=== Captioned web image data ===

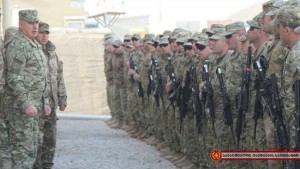 1935442_1115420155157392_2055761765107573935_n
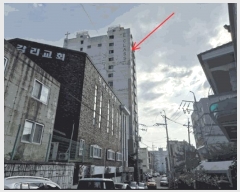  2025Ÿ��512430 ��õ ������ ������ 2-10 ������Ŭ���� 7��703ȣ     ���ǽ��ڰ��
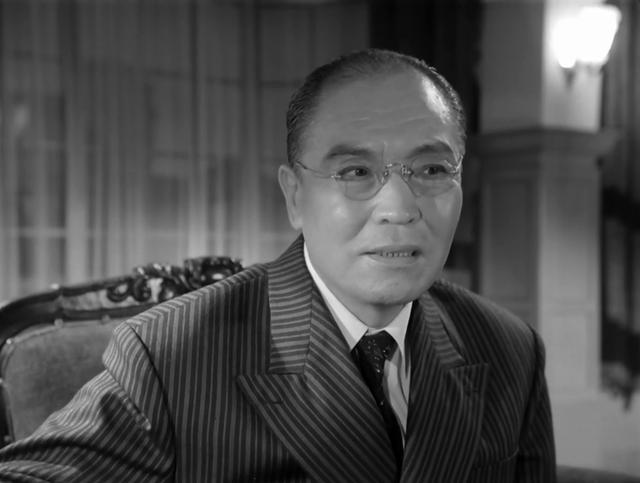 中国谍战电影排名前10名单（中国谍战电影排名前10名次）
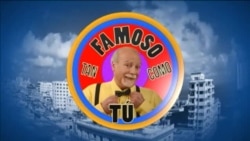 Tres ejemplos de humor cubano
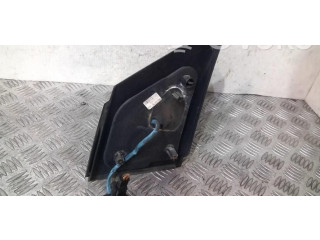 Зеркало электрическое        Citroen C2   -  года   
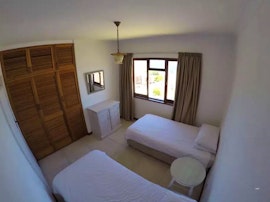 Garden Route Accommodation at 7 Granada | Viya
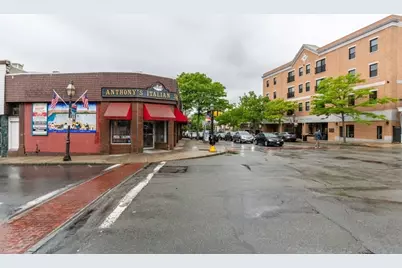 21-1 Spring Street #1, Stoneham, MA 02180 - Photo 33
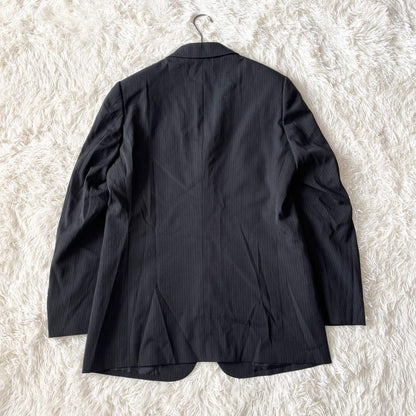 New GIORGIO ARMANI Giorgio Armani setup suit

=== INSTRUCTIONS TO FOLLOW ===
Reproduce the lines above letter for letter. The pictures stay behind.

=== PROBLEM SOLUTION ===
 1935442_1115420155157392_2055761765107573935_n
  2025Ÿ��512430 ��õ ������ ������ 2-10 ������Ŭ���� 7��703ȣ     ���ǽ��ڰ��
 中国谍战电影排名前10名单（中国谍战电影排名前10名次）
 Tres ejemplos de humor cubano
 Зеркало электрическое        Citroen C2   -  года   
 Garden Route Accommodation at 7 Granada | Viya
 21-1 Spring Street #1, Stoneham, MA 02180 - Photo 33
 New GIORGIO ARMANI Giorgio Armani setup suit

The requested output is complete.